Ramnath Mani from Indian Automation Excellence set out to ‘breaking the myth of Industry 4.0 with Ignition. Industry 4 is envisioned as a constellation of process data sources and distributed applications in the cloud. But currently, I4 is split down the middle, between operations technology and IT. For true I4 implementation, devices (regardless of manufacturer) need to ‘seamlessly and instantly communicate’. This necessitates a common understandable language and IT-compatible protocol. MQTT is the protocol of choice to decouple devices from applications and enable I4 and the new IIoT. And naturellement, Ignition is the system of choice here as it ‘addresses the goals of the Open Process Automation (OPA-S) initiative for an open, standards-based, secure, and interoperable control system’. The idea is to avoid ‘ecosystems built around intellectual property stemming from one core partner’.

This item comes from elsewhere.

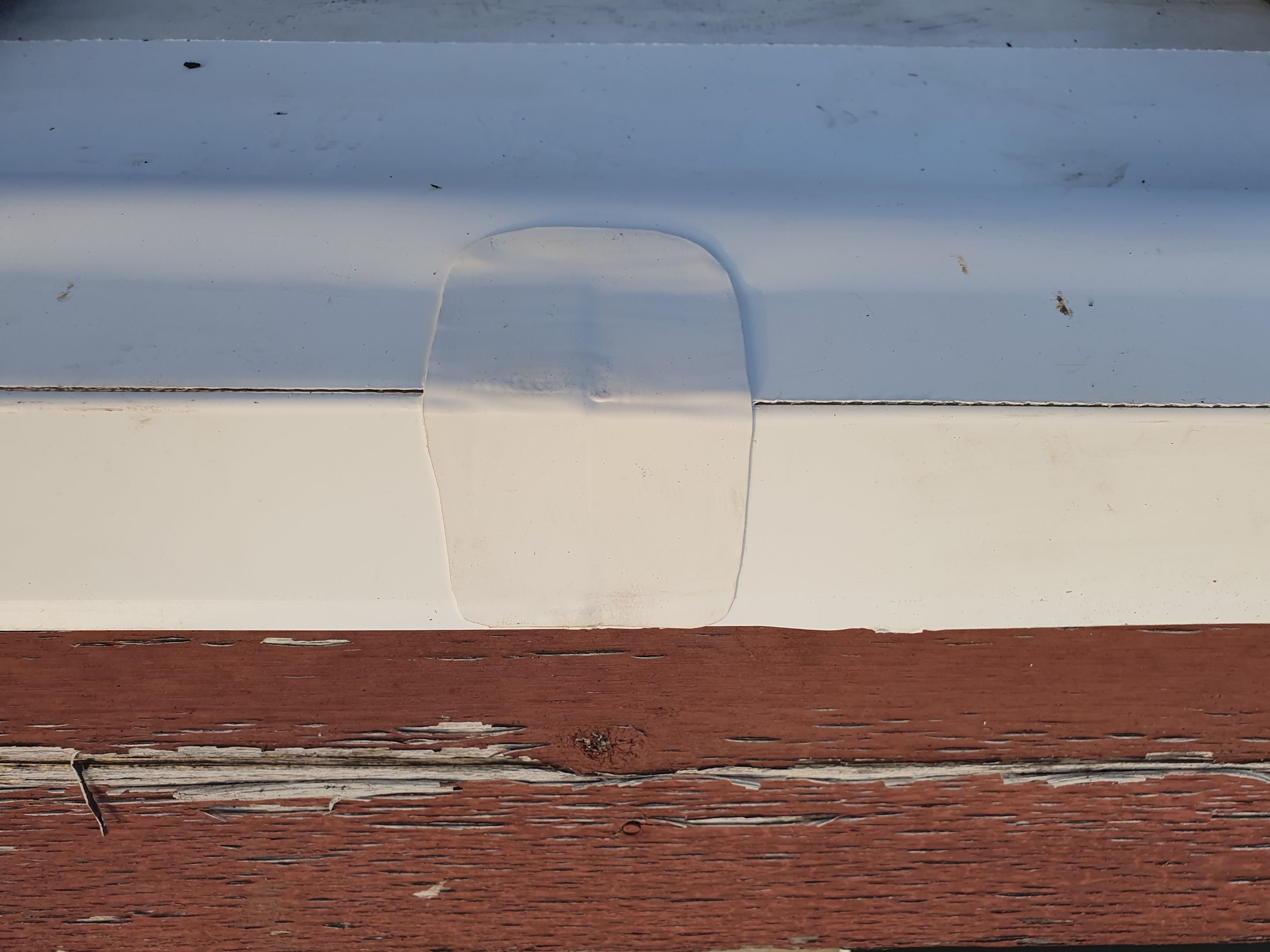 A failing membrane seam sealed under a smooth white silicone layer at a roof edge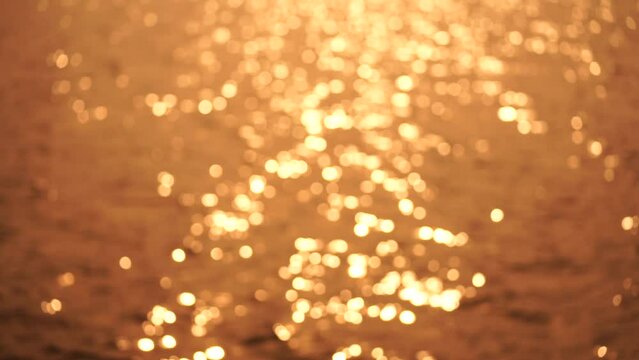 Abstract Blurred video screensaver bokeh golden sea at sunset. The sun reflects and sparkles on the waves.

Andrew Scott (Pioneer Natural Resources) along with Amita Kulkarni and Binh Vu from integration partner CSE-Icon presented on Pioneer’s event logging system. The project centralizes event records for each control room operator with an emphasis on alarming, adding functionality to Pioneer’s current Ignition system to improve operator efficiency and pave the way for future field optimization efforts. The operations event management system was built with Ignition, displacing a third-party event logger. Ignition allowed for automatic population of much of the required event information and associated metadata from the scada system, leaving the operator to provide comments and additional information. Alarm management has been improved with alarm status updated when an alarm is cleared. Daily reporting is now largely automated.

Arlen Nipper (Cirrus Link Solutions) showed how Ignition and MQTT/SparkPlug can be used for auto-discovery of data models and to push time series data into the Amazon* Web Services cloud. The AWS IoT SiteWise service allows operations data to be collected via MQTT Sparkplug (or OPC-UA) into a cloud-based model of an asset including time series data. SiteWise provides a standard API interface for applications to consume for AI and big data solutions. Cirrus Link’s Sparkplug SiteWise Bridge, currently in beta test, delivers data into SiteWise ‘with minimal configuration and zero coding’. The Ignition Perspective module adds HTML 5 data visualization from the AWS store.

* Amazon itself is an Enterprise client of Ignition.

Ryan Crownover (Vertech) believes that ‘Docker and DevOps are set to ‘dominate’ software development and deployment. DevOps is described as a ‘methodology and a mindset designed to integrate the development and operation of a system into a cohesive lifecycle’. The approach is claimed to be adapted to changing priorities, providing rapid turnaround times and coordinating the work of a team of developers. DevOps embeds a ‘continuous integration and delivery’ process that is said to be particularly suited to automation system development. At the heart of DevOps is GitLab and Docker. Git supports developer, source code and project management. Docker makes development independent of a target architecture. Software developed on Linux ‘runs just as well on Windows’.

A team from Corso Systems presented on blockchain-based operator logs and Ignition auditing. The concept is to add a Hyperledger Fabric blockchain to provides a chain of trust for all events tracked in Ignition. Public and or private blockchains allow for different modes of determining and enforcing trust. Corso did not go into the granularity of the events tracked in the blockchain which may be problematic for high volume streaming data.

Finally, Moxa presented its Things Pro cellular/VPN connectivity solution for the IoT.